Les voyages de l’eau Des différentes manières de transporter et transférer l’eau et de leurs conséquences politiques, sociales et environnementales

, par  Olivier Petitjean

Dans un monde marqué par une forte inégalité dans la distribution des ressources en eau, le transport de l’eau ne cesse de se développer, donnant lieu à des projets d’ampleur inédite ou à des innovations technologiques.

Notre planète est marquée par une grande inégalité dans la distribution des ressources en eau douce entre les régions du monde. Chaque habitant du Koweït dispose annuellement de 75 mètres cubes d’eau douce, tandis qu’à l’autre extrémité, les habitants de l’Islande bénéficient de pas moins de 600 000 mètres cubes. Une vingtaine de pays se partagent les deux tiers des ressources en eau de la planète, le Canada se taillant la part du lion. L’Inde et la Chine disposent d’une proportion certes non négligeable des ressources mondiales (4 et 8 % respectivement), mais sans aucun rapport avec leur part de la population (20 % dans les deux cas), sans parler des fortes inégalités de répartition de la ressource au sein même de ces deux pays.
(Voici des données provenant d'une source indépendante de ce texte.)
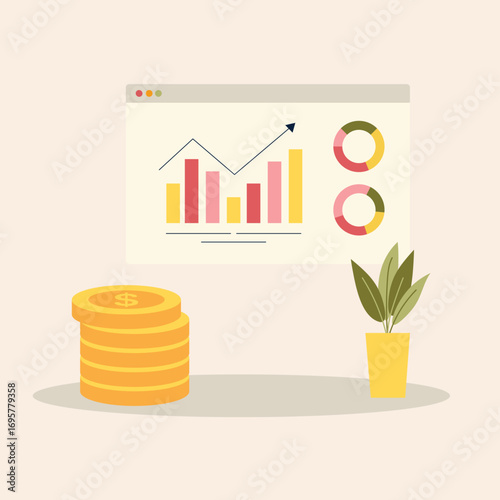 Financial data visualization and investment return analysis concept, showcasing growth with charts and a stack of coins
Quant aux pays arabes, qui représentent 10,3 % de la surface terrestre et 4,5 % de la population mondiale, ils ne peuvent compter que sur 2 % des pluies et 0,43 % des ressources récupérables.

Tous ces chiffres confirment l’idée que la planète ne souffre pas d’une rareté absolue de l’eau, mais simplement d’une rareté relative des ressources accessibles dans certaines régions par rapport à d’autre. Et donc que la solution aux problèmes de sécheresse et de pénurie que rencontrent certaines zones de la planète passe aussi, sinon avant tout, par des procédures et des techniques de redistribution de l’eau disponible entre régions riches et régions pauvres en eau. Les différentes manières de détourner, transférer, échanger l’eau (dans leur dimension technique et matérielle, mais aussi économique et politique) apparaissent ainsi comme la question centrale de la gouvernance de l’eau, du moins au-delà du niveau local.

La voie royale

Le transfert de l’eau via des canaux et canalisations de divers volumes et formes a été historiquement et demeure la voie royale pour redistribuer la ressource, qu’il s’agisse de détourner une partie du débit d’un fleuve à des fins d’irrigation, ou bien d’y pomper de l’eau pour la rediriger vers les industries et les résidents urbains. De tels procédés ont existé depuis la plus haute Antiquité ; à peine peut-on dire qu’avec l’âge moderne ils ont pris une dimension encore plus gigantesque : il suffit de penser aux diverses infrastructures de transfert de l’eau qui permettent la survie de métropoles comme Las Vegas ou San Diego dans des zones arides ou semi-arides de l’Ouest des États-Unis, au "Grand canal artificiel" imaginé par Khadafi pour alimenter en eau la côte libyenne à partir d’un aquifère saharien, ou encore aux vastes zones ouvertes à l’agriculture irriguée en Asie du Sud. Dernier en date, le méga-projet chinois de transfert Sud-Nord, en cours de réalisation, représente la culmination de cette logique. À terme, il était prévu que pas moins de 40 milliards de mètres cubes soient transférés annuellement depuis le bassin du Chang Jiang (Yangtsé) dans le Sud du pays vers les zones semi-arides et les villes du Nord (en premier lieu Beijing), à travers trois « routes » (de l’Est, du Centre et de l’Ouest). Les travaux ont commencé dans les deux premières, une partie ayant même été mise en service pour les Jeux Olympiques ; la dernière, la plus monumentale et la plus sensible politiquement puisqu’elle concerne les eaux du Tibet, est encore à l’état de projet. Inutile de préciser que les conséquences sociales (à travers les déplacements de population) et environnementales de ce projet ont de quoi faire frémir. Sa mise en service complète se heurte d’ailleurs au problème de la pollution des rivières chinoises qui se trouvent sur les routes concernées (voir le texte Le drame de la pollution des eaux en Chine).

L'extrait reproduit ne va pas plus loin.